STOCKHOLM, Oct 22 (Reuters) - The head of the European Commission expressed hope on Thursday that European Union leaders will agree on funding for a global climate change deal at a summit next week, despite deadlock at talks.

EU finance ministers were unable this week to reach agreement on how much funding should be provided for poor countries as part of a deal to tackle climate change which world leaders hope to clinch in Copenhagen in December.

It is now up to EU heads of government to try to break the impasse at an Oct 29-30 summit.

"I hope we will be able to finalise this when we meet in the European Council next week in Brussels, in a firm proposal for Copenhagen," European Commission President Jose Manuel Barroso told a development aid conference in Stockholm.

Some EU diplomats are much less optimistic, saying EU leaders have huge obstacles to overcome.

Finance for developing countries is proving a sticking point in the run-up to the climate talks in December on finding a replacement to the Kyoto Protocol, the United Nations' main tool against climate change. It expires in 2012.

The European Commission suggested last month the 27-country bloc should provide up to 15 billion euros ($22.46 billion) a year by 2020.
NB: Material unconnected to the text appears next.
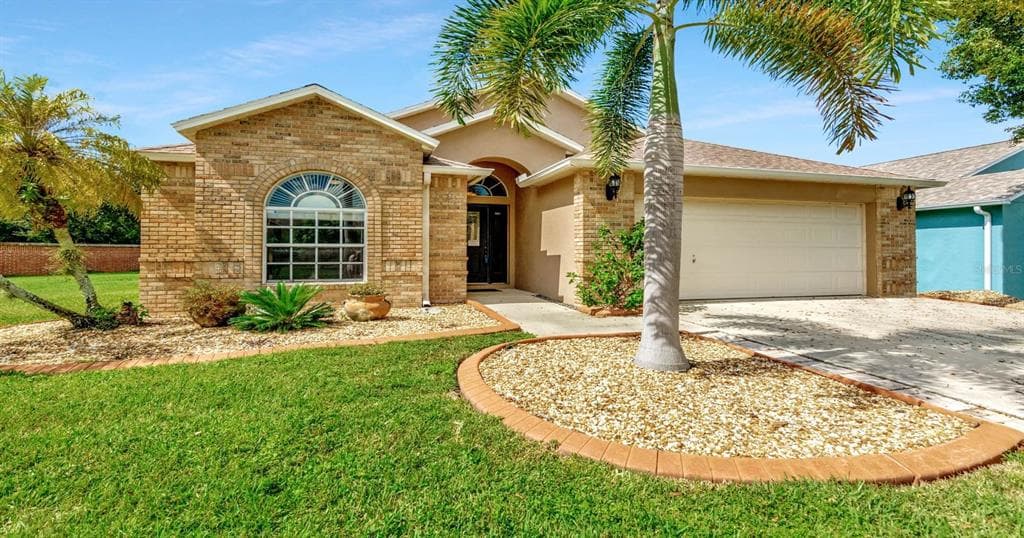 6653 THACKSTON DRIVE RIVERVIEW, FL 33578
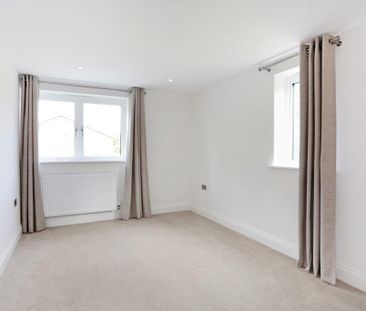 5 bedroom detached house to rent - Photo 2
To prove they are sincere in their efforts, rich nations should also provide 5 to 7 billion euros a year of "fast-track funding" in the three years before the Copenhagen deal takes effect, the Commission said.

But nine eastern EU countries, which are among the poorer EU member states, want those early funds for developing nations allocated on a voluntary basis, saying they do not want to pay a disproportionately high amount.